Super El Niño: The Yield Curve’s Hero or Inflation’s Villain?
Could climate change become a structural source of inflation?

El Niño is the natural periodic warming of the Pacific Ocean, a phenomenon that raises ocean surface temperatures and drives extreme weather conditions. This time, there is a rarer catastrophe approaching, a ‘super’ El Niño, with sea surface temperatures expected to rise by 2.0°C (3.6°F) or more above historical averages.
Historically, agricultural yields tend to decline as crops are destroyed through extreme weather conditions, triggering inflation and widespread food shortages. 2023/24 illustrated this dynamic, elevated food prices driven by post-COVID supply constraints and the Russia-Ukraine energy shock further compressed economic growth, raising fiscal expenditures and leaving sovereign issuers with higher debt-to-GDP ratios. Those balance sheets have not yet fully recovered.

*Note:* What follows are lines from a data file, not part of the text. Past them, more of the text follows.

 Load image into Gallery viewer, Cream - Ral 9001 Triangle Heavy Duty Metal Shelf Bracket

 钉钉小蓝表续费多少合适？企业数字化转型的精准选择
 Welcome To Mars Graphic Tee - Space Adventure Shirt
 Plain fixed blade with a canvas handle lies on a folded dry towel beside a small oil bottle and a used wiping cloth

For bond markets, ‘super’ El Niño is not simply a commodity price story, but a stress test to yield curves that are already under pressure and sovereigns already stretched. The question is not if this shock will move yields, but in which direction, on which part of the curve, and whether traditional mechanisms may still take their course.
Bearish for Bonds
The inflation transmission is relatively direct. Disrupted agricultural production in key exporting regions pushes wheat, corn, soybeans, and soft commodities higher. Food inflation feeds into headline CPI and central banks respond by delaying rate cuts. Higher rate expectations then steepen the curve, pushing yields higher in the front end whilst increasing the inflation risk premium.

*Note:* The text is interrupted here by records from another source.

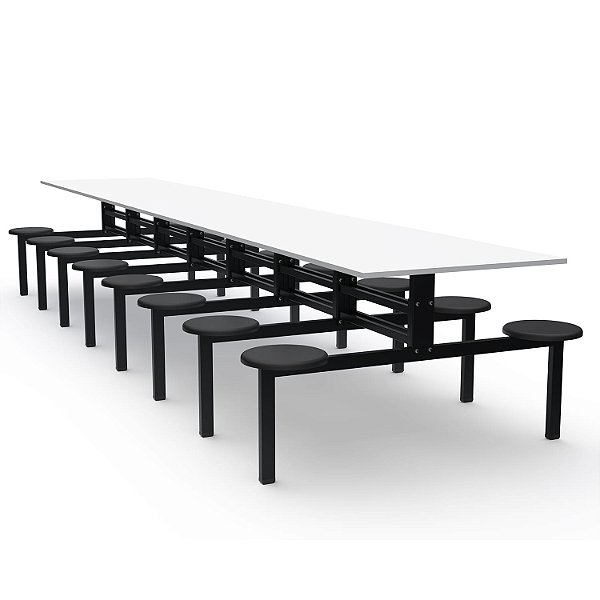 Mesa Refeitório Assento Fixo – Tampo MDF – 16 Lugares Com Assentos Em PP - 41446 - Casa das Cadeiras Goiânia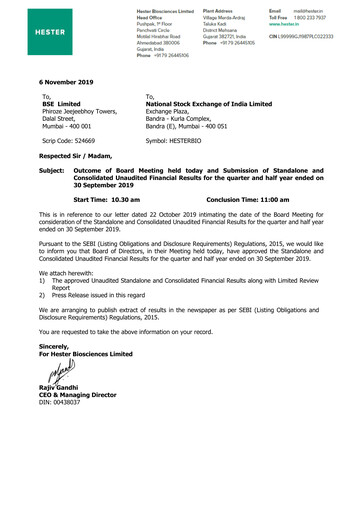 Thumbnail Hester Biosciences
 Half-year Report 2019-h1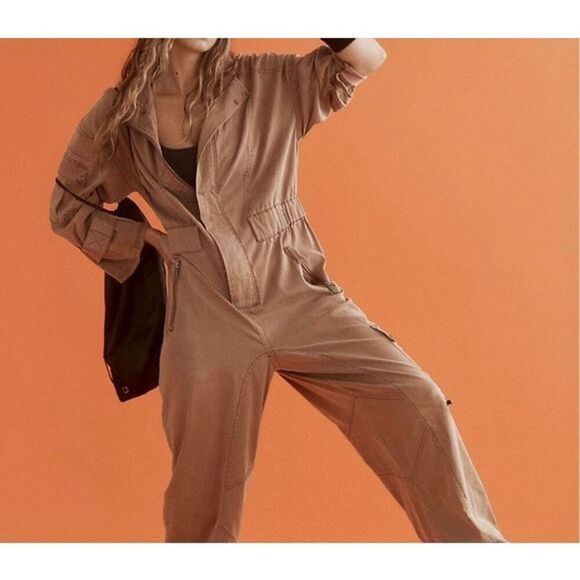 Free People FP Movement Fly High Aviator Cargo Utility Jumpsuit One Piece XS - Picture 1 of 14
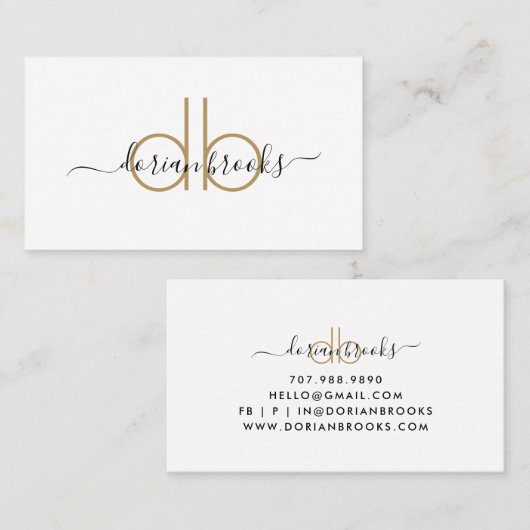 Eenvoudig Modern Minimalistisch Goud Zwart Monogra Visitekaartje (Voorkant / Achterkant)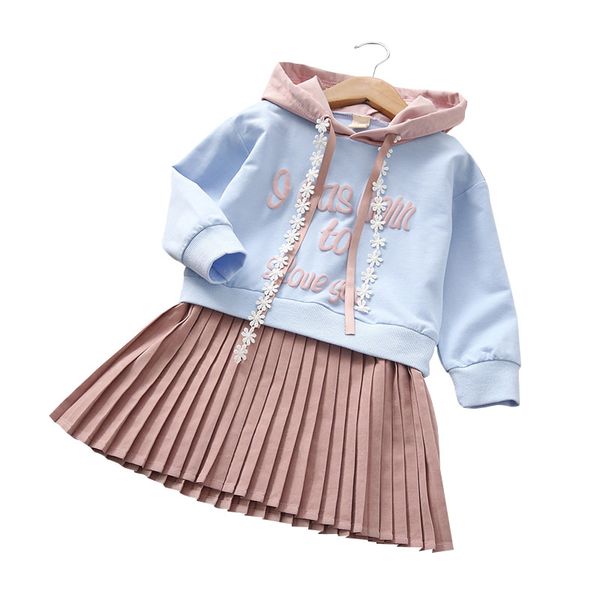 

girls wear new 2019 autumn korean print skirt children's dress small children's leave two pieces one generation, Red;yellow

The fiscal channel compounds this. The cost of disaster relief, infrastructure rebuilding, agricultural subsidies and emergency imports all contribute to larger fiscal deficits, and by extension, greater sovereign issuance. This lands on a US long end already absorbing significant supply from QT, and uncomfortably high debt-to-GDP levels. For emerging markets such as Brazil, Indonesia and the Philippines, the fiscal pressure is more acute, with sovereign spreads widening on fundamentals and increased risk premiums.
Bullish for Bonds
The counterargument here is as follows: a food and energy shock compresses real output, weakens business confidence and slows GDP. The traditional market reflex is to buy duration, and the flight-to-quality bid for treasuries is real. 2026, however, deserves scrutiny that was not required in 2008 or 2020. Today’s starting point is characterised by persistent inflation, elevated sovereign issuance and central banks still undergoing quantitative tightening, which could mean that the negative correlation typically seen between risk sentiment and bond yields may be less stable than in previous cycles.
Whilst a ‘super’ El Niño may trigger a flight-to-quality bid, its more lasting impact may be felt on the long end of the term premium embedded in the US treasuries, and on the assumption held perhaps too comfortably that stress and safe-haven are the same thing. In this environment, climate shocks are not purely growth disruptors, but catalysts that reshape inflation expectations, fiscal trajectories and long-run bond yields.
The overall impact of the ‘super’ El Niño shock shall depend on policy response. If governments respond with sustained expansionary fiscal policy and central banks accommodate rising price pressures with easing, the groundwork for an inflationary environment is laid. Conversely, in maintaining restrictive conditions, bond yields would fall. Either way, one thing is clear: climate-driven shocks are increasingly relevant not only for commodity markets but for the pricing of sovereign debt itself.